--- EXTRACTED DATA Enclosed Below ---
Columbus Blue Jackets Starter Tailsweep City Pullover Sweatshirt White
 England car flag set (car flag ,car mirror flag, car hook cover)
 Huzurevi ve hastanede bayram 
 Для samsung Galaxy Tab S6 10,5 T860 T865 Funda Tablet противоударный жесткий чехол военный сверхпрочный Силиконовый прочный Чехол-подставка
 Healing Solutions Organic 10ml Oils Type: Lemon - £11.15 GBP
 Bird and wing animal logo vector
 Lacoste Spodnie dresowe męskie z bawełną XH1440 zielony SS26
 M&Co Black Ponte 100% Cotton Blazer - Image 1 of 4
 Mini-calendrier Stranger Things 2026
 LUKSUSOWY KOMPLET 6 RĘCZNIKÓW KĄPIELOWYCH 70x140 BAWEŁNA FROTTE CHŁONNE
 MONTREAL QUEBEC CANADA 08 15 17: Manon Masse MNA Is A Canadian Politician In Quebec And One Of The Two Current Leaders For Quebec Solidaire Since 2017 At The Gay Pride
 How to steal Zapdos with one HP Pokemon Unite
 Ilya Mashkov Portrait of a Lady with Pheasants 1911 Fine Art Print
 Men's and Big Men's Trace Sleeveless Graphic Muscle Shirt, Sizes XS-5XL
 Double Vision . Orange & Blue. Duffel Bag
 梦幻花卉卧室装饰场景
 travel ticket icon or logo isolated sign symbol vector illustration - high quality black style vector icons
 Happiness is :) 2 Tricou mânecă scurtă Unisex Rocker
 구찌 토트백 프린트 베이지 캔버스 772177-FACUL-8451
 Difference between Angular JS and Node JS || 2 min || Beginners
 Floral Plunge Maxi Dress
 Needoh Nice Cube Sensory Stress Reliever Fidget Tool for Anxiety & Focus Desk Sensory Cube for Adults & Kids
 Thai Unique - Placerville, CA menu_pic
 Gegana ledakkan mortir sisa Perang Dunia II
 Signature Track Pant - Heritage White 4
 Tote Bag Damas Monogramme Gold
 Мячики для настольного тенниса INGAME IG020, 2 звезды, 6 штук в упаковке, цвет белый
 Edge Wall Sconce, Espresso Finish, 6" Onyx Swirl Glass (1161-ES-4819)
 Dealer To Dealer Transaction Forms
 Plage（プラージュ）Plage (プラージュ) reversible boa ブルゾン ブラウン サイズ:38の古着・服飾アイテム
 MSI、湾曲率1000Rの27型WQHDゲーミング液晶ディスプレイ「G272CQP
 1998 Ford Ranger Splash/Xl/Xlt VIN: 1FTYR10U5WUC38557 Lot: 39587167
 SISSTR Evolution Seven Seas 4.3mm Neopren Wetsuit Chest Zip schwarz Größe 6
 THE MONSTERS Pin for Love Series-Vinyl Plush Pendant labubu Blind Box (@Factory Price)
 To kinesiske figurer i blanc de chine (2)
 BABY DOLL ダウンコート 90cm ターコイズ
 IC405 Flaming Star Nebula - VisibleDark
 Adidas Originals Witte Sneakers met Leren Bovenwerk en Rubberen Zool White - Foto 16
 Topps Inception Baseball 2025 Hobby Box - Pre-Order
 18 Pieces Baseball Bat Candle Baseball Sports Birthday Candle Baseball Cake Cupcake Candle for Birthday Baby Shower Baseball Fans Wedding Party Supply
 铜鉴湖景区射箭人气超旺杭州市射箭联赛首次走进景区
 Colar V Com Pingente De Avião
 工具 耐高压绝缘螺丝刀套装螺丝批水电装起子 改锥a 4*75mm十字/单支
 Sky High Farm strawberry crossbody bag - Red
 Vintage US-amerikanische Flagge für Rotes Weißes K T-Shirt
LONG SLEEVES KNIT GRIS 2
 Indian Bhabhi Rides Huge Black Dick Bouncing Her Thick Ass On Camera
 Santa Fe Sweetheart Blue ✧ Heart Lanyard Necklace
--- End of Enclosed EXTRACTED DATA ---
• _ASSIGNMENT_: All lines from the one that holds "Sky High Farm strawberry crossbody bag - Red" through the end of the records are to be returned exactly, including both boundary lines, and no others.

• _PROBLEM SOLUTION_:
 Sky High Farm strawberry crossbody bag - Red
 Vintage US-amerikanische Flagge für Rotes Weißes K T-Shirt
LONG SLEEVES KNIT GRIS 2
 Indian Bhabhi Rides Huge Black Dick Bouncing Her Thick Ass On Camera
 Santa Fe Sweetheart Blue ✧ Heart Lanyard Necklace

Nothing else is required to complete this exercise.